BPAN,

Beta-propeller Protein-Associated Neurodegeneration, le trouble NBIA le plus courant, est causée par des mutations dans le gène WDR45, situé sur le chromosome X. Elle se caractérise par des retards de développement et des crises d’épilepsie chez l’enfant, avec des problèmes de mouvement à l’âge adulte, y compris la dystonie, des troubles très semblable à Parkinson.

Jusqu’à présent, toutes les personnes touchées signalées ont été des cas simples (c.-à-d. une seule occurrence dans une famille). La majorité sont des femelles, ce qui indique que les mutations sont nouvelles, ou de novo, et suggère que les mutations sont mortelles chez la plupart des mâles. Les personnes affectées ont un retard de développement global pendant l’enfance avec des gains moteurs et cognitifs lents. Cependant, à l’adolescence ou à l’âge adulte, ils connaissent un début relativement soudain de dystonie progressive de type parkinson et démence.

SYMPTÔMES

Les symptômes de BPAN apparaissent généralement dès la petite enfance.

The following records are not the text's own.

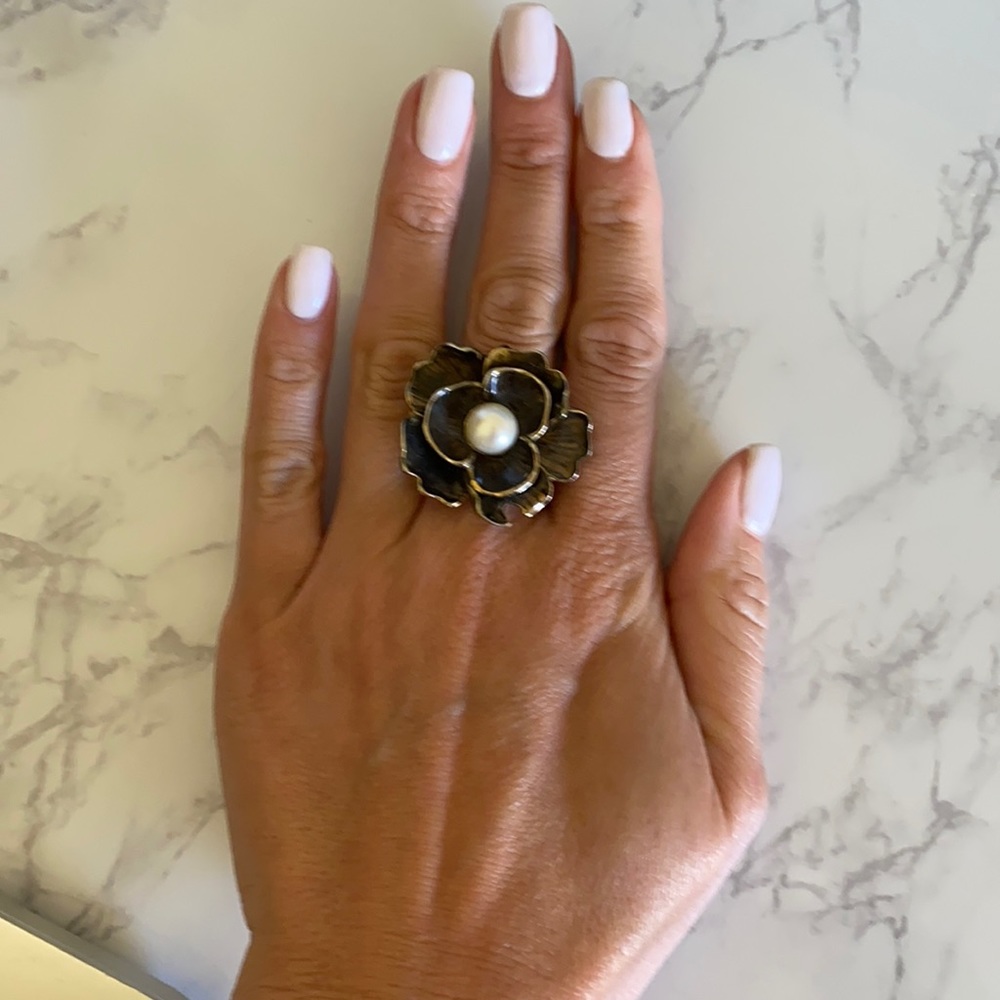 Flower ring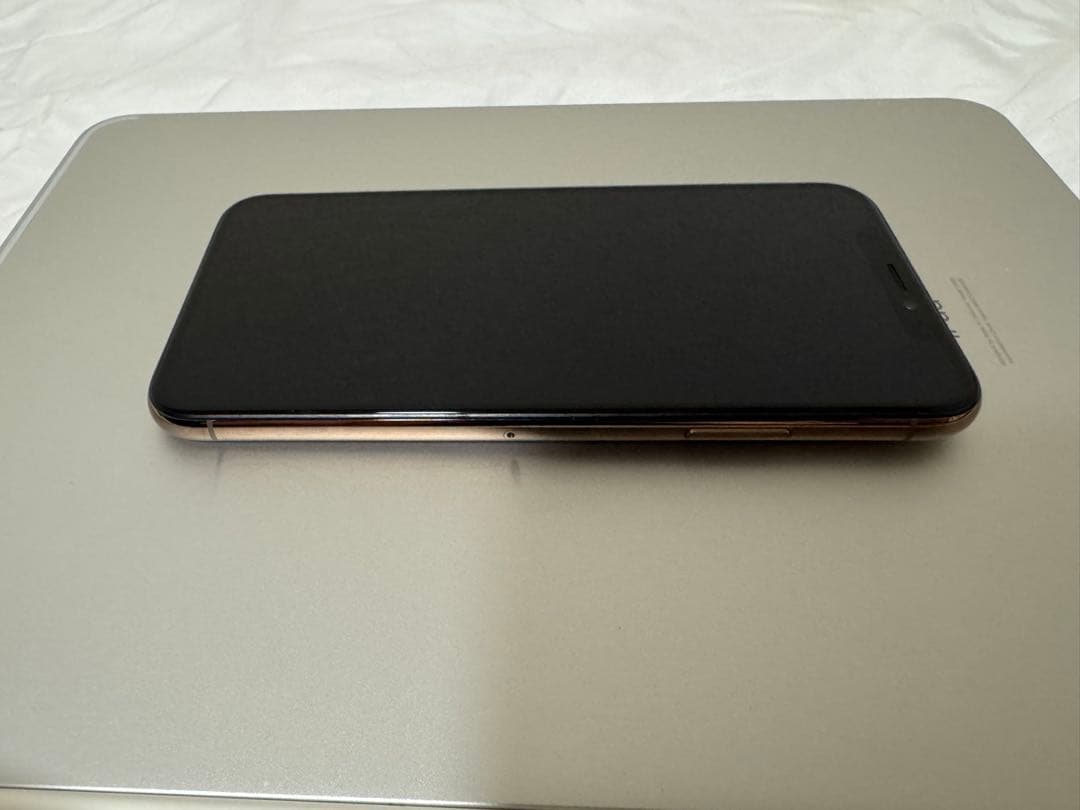 猫*様 iPhone xs gold 64gb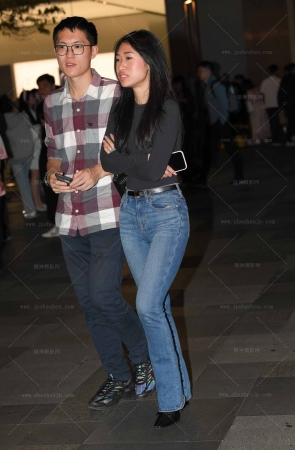 25513-7=68√紧身牛仔裤女友 10P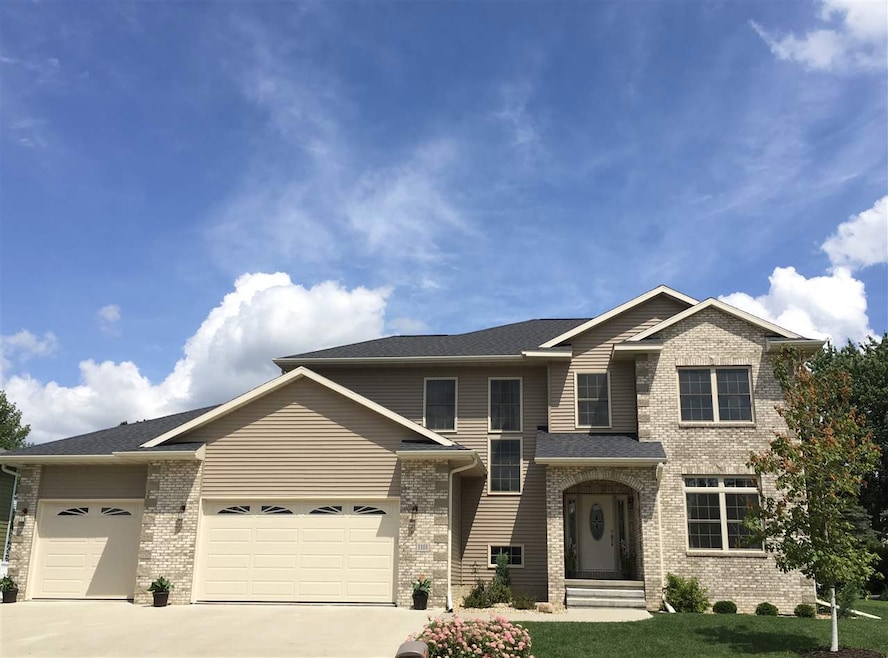 1101 Eagle Ridge Rd, Cedar Falls, IA 50613 - photo 1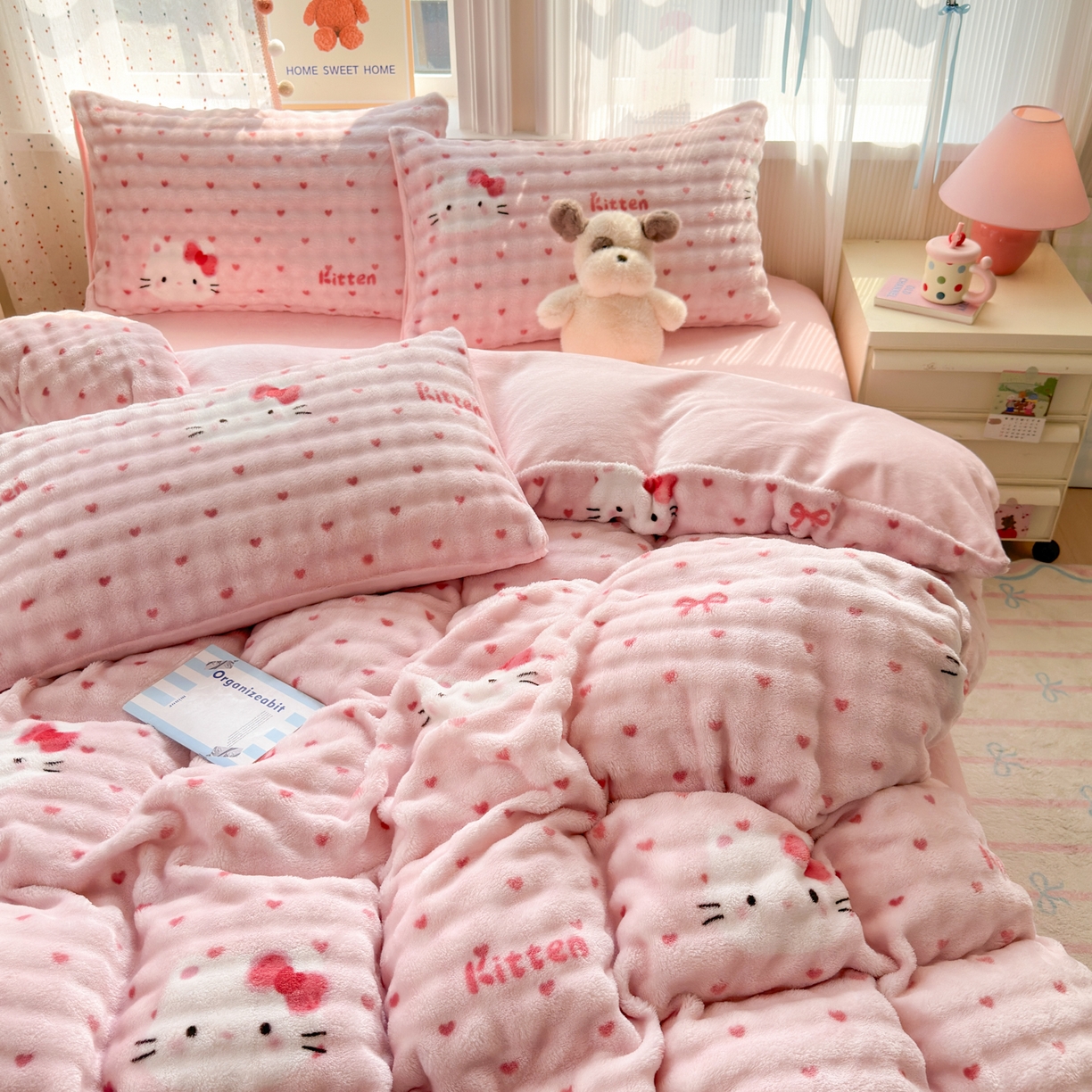 91家纺网 家纺一手货源 找家纺 德比尔斯 2025新款泡泡牛奶绒四件套 爱心kt 粉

Les symptômes les plus fréquents sont les suivants :

Retard de développement

  • est habituellement, le premier changement qui est remarqué

– Le langage expressif est affecté de manière significative et les enfants développent   généralement peu ou pas de mots.

  • Ça pourrait aussi être un retard de développement global

Déclin cognitif (mental)

– Peut évoluer vers la démence à l’âge adulte

Parkinsonism (symptômes semblables à ceux de la maladie de Parkinson):

– Ne commence généralement pas avant le début de l’âge adulte

– Tremblements (tremblements)

– Bradykinésie (mouvements lents)

– Rigidité (rigidité)

– Instabilité posturale (perte d’équilibre qui cause l’instabilité)

Autres problèmes musculaires

– Dystonie (contraction musculaire involontaire et spasmes)

– Congélation de la marche (congélation pendant la marche)

– Spasticité (muscles raides et rigides)

Crises d’épilepsie

Certains enfants peuvent avoir plusieurs types de crises épileptiques

Sommeil anormal (problèmes de sommeil)

Comportements caractéristiques et stéréotypies (mouvements répétitifs et rythmiques)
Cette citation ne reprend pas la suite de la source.